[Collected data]
=====

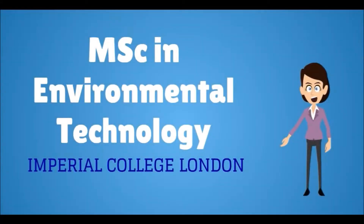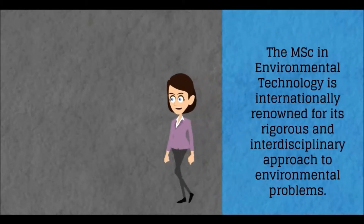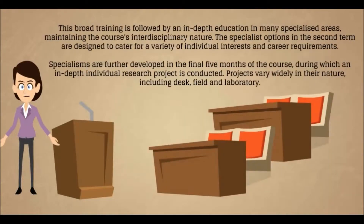Welcome to the MSc in Environmental Technology at Imperial College London. The course runs from the Centre for Environmental Policy, and was established in 1977 under the newly formed Centre for Environmental Technology. Here at Imperial, the course is internationally renowned for its rigorous and interdisciplinary approach to environmental problems. It combines the natural and social sciences in a truly interdisciplinary manner, providing a foundation for graduates to demonstrate their ability to solve environmental problems.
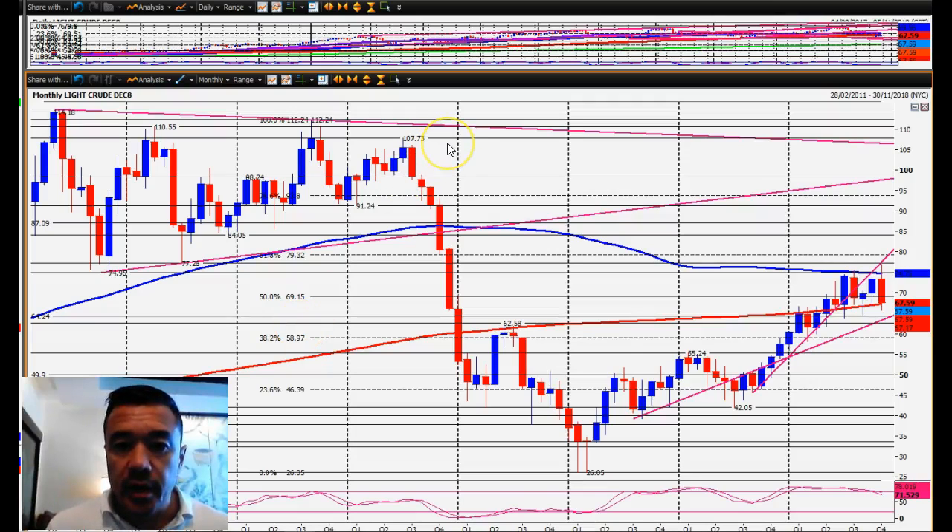Part 2 of my video for October 28th, week starting 29th of October 2018. This is a monthly chart of the WTI crude.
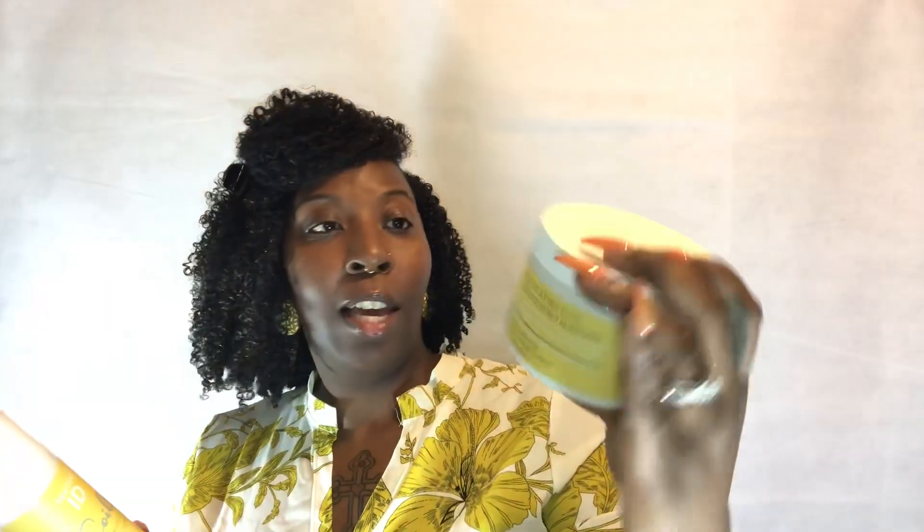This is what I got: Texture ID was 4 for $20. I got the conditioner, the Texture ID heating self-heating core mask moisturizing cream, and another self-heating conditioner mask because I really enjoyed this deep conditioner — it's the bomb. So if y'all want to rack up on some products, this is the time to get the Texture ID — four items for $20.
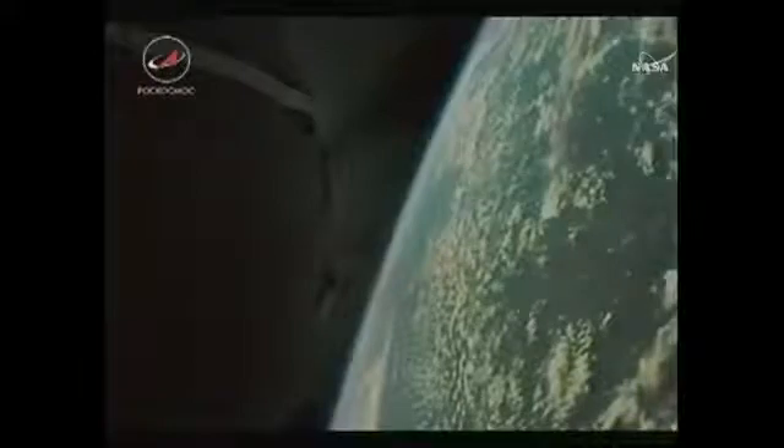Everything is stable. Eight and a half minutes now into the flight. Everything continuing to go well. I like this external view, but I also kind of miss getting to see the crew on the inside.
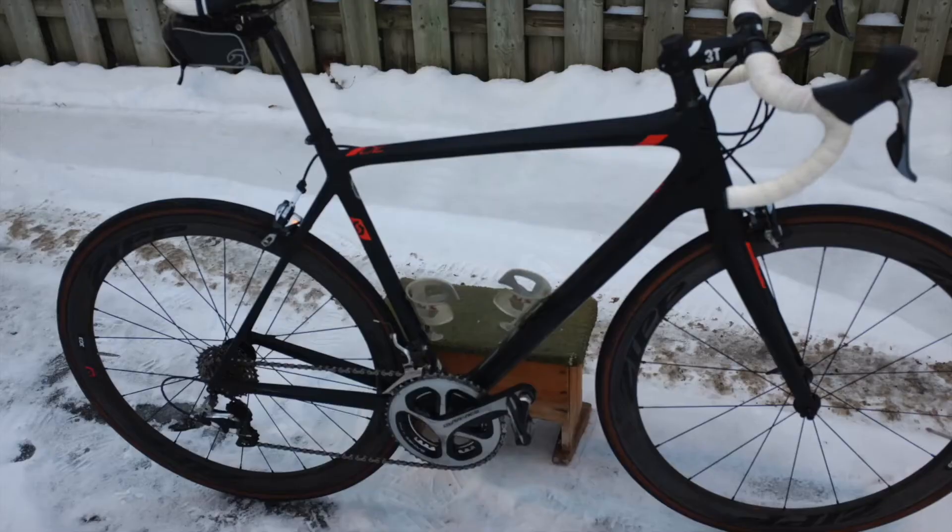Zipp 303 Firecrests are on it, Continental GP 5000s, and a Selle San Marco saddle. The cockpit is ostensibly 3T. Anyway, here it is — have a look, and any comments or questions, put them in the comments below and I'll try and address them.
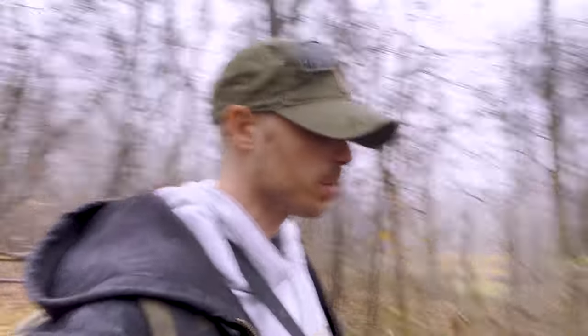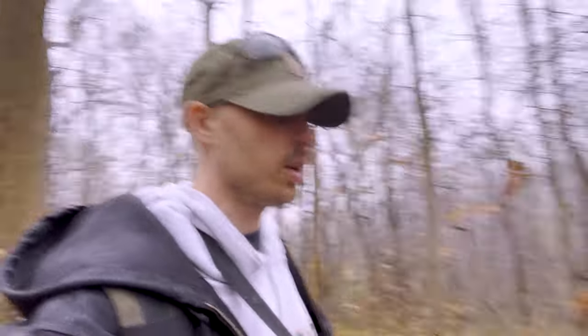It doesn't matter if it's not nice out. We're going to be able to pop up our blinds, stay dry, shoot, and you actually get to see a lot of cool wildlife when it's not that nice out.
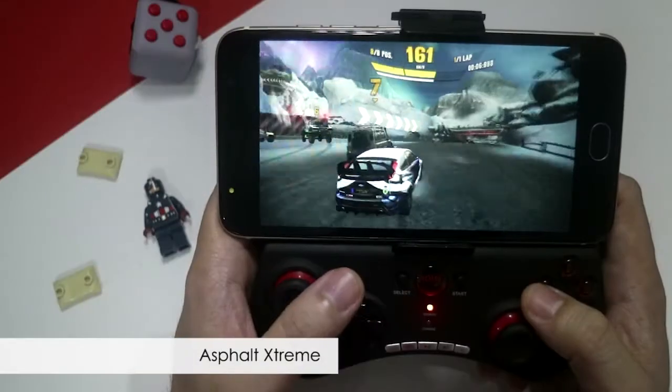Games like Asphalt Xtreme and Gangsta 4 are running smooth on this device.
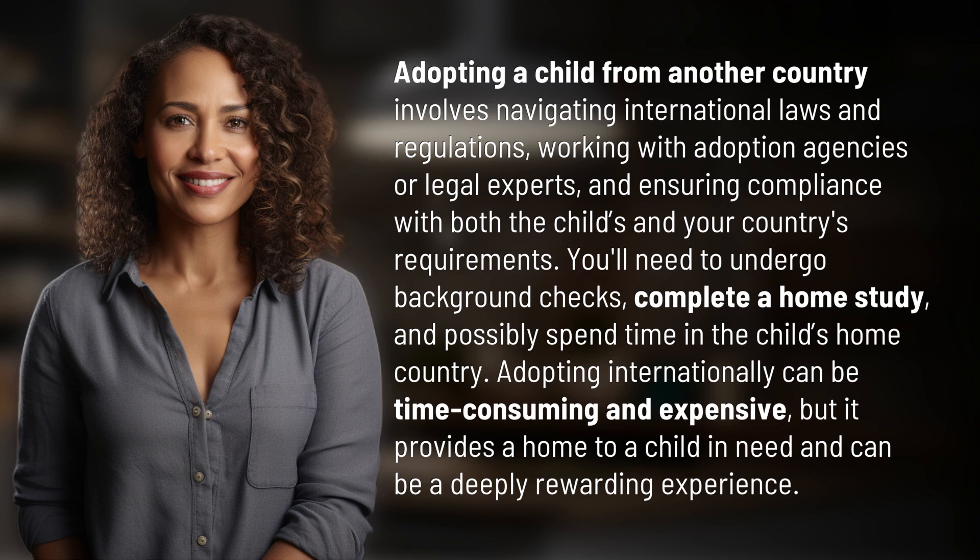Adopting internationally can be time-consuming and expensive, but it provides a home to a child in need and can be a deeply rewarding experience.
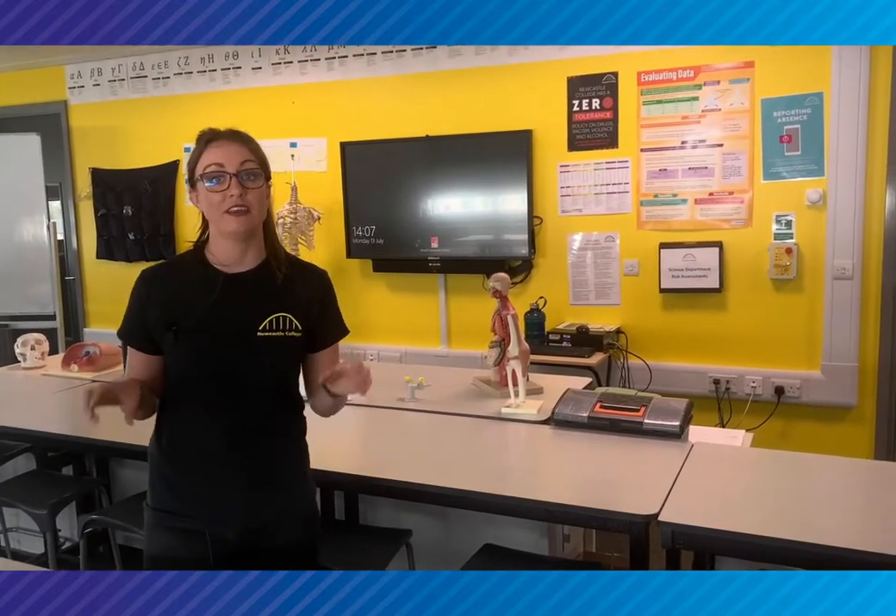This is one of our science labs. There are three of these in total and they are designed to deliver biology, chemistry and physics as part of our applied science course. We also have a course specifically designed for forensic science and the practical element of that course is delivered in one of these labs.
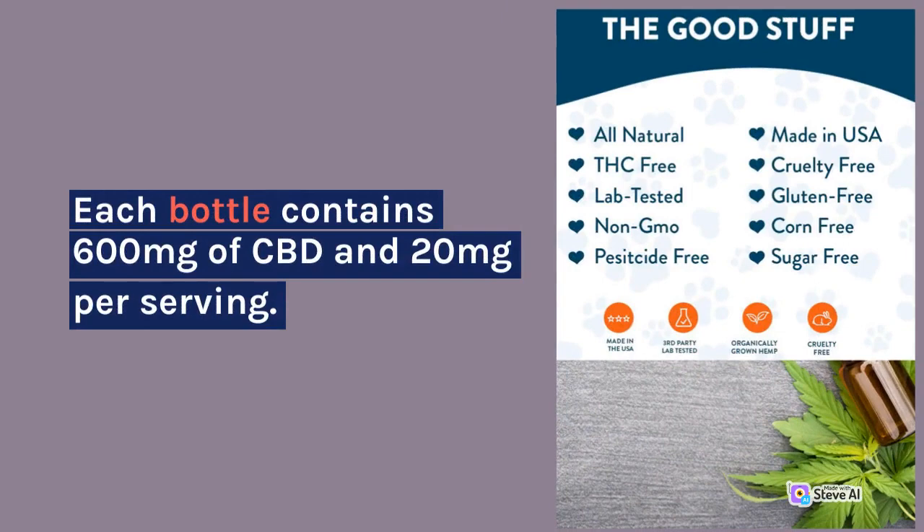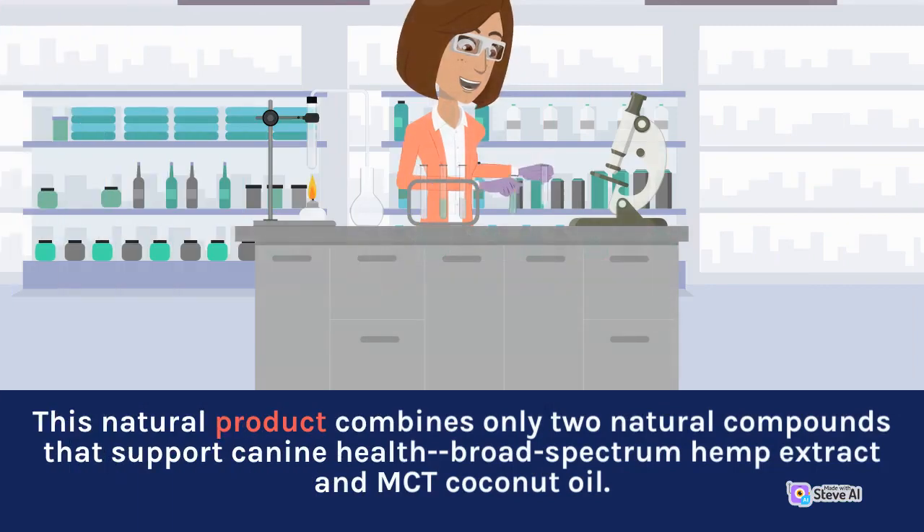Each bottle contains 600mg of CBD in 20mg per serving. This natural product combines only two natural compounds that support canine health: broad-spectrum hemp extract and MCT coconut oil.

=====

Required action ->
Starting at the line above that has "This is what" and ending at the line that has "Everything is stable.", copy each line exactly, leaving the pictures out and adding nothing.

Problem solution ->
This is what I got: Texture ID was 4 for $20. I got the conditioner, the Texture ID heating self-heating core mask moisturizing cream, and another self-heating conditioner mask because I really enjoyed this deep conditioner — it's the bomb. So if y'all want to rack up on some products, this is the time to get the Texture ID — four items for $20.
Everything is stable. Eight and a half minutes now into the flight. Everything continuing to go well. I like this external view, but I also kind of miss getting to see the crew on the inside.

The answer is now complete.